> Problem details: The entire listing, reproduced exactly and stripped of images, is the expected output.

> Supplied information:
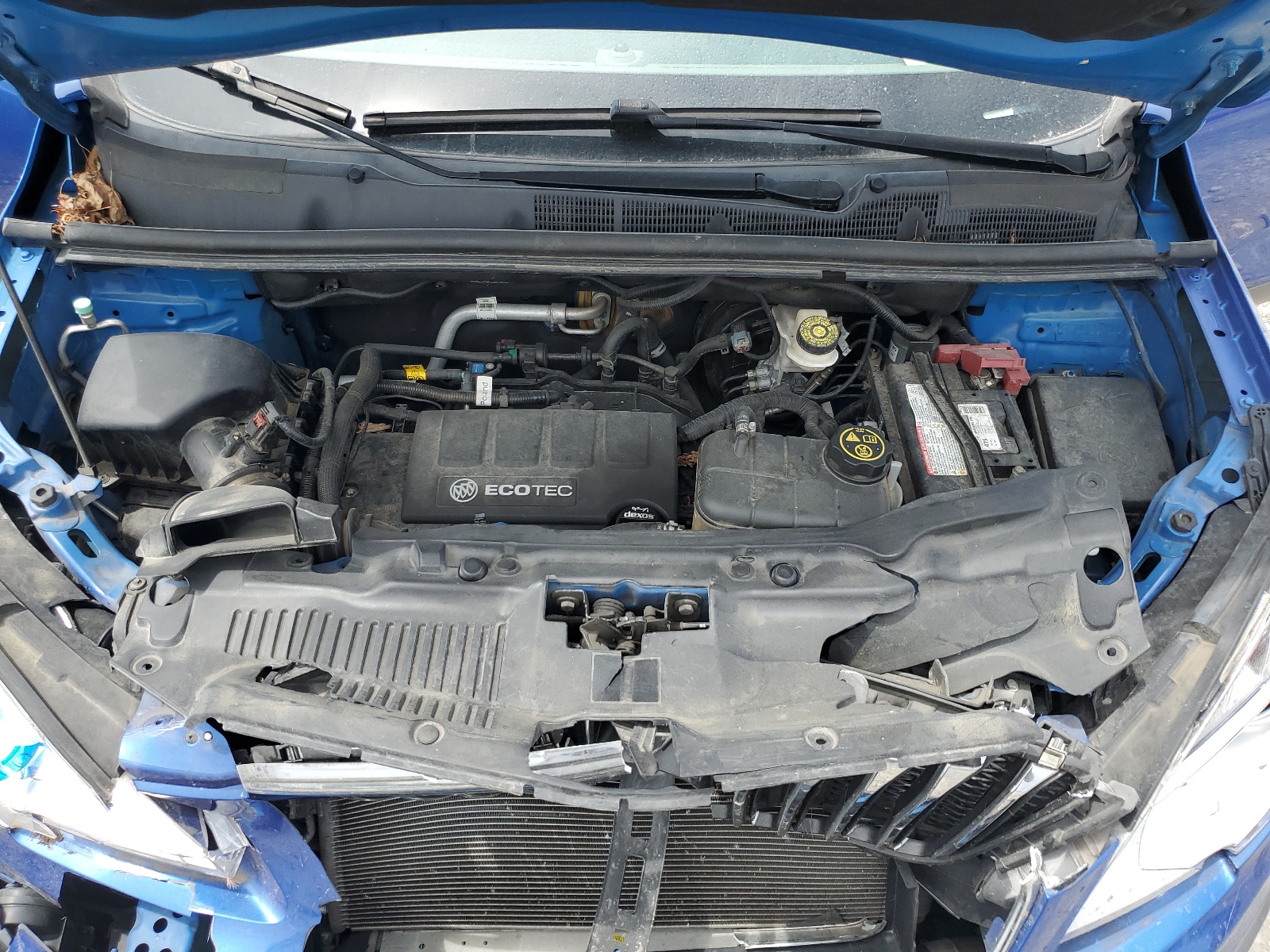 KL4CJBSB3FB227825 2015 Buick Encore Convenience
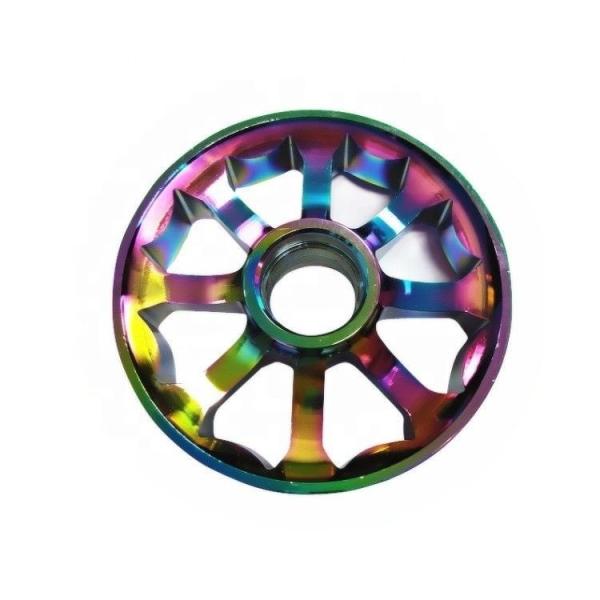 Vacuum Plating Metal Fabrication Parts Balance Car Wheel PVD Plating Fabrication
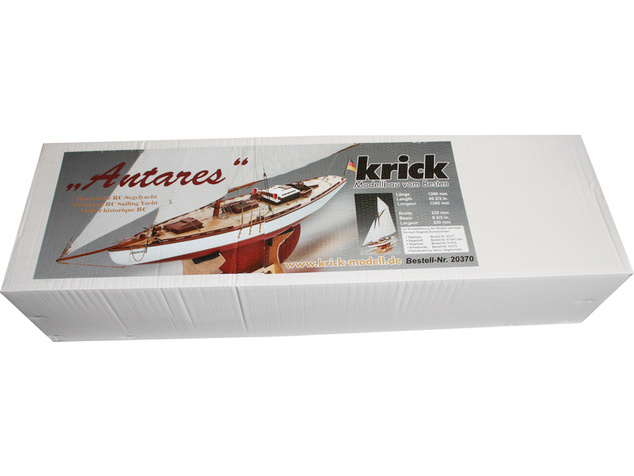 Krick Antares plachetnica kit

> Reply to the task:
 KL4CJBSB3FB227825 2015 Buick Encore Convenience
 Vacuum Plating Metal Fabrication Parts Balance Car Wheel PVD Plating Fabrication
 Krick Antares plachetnica kit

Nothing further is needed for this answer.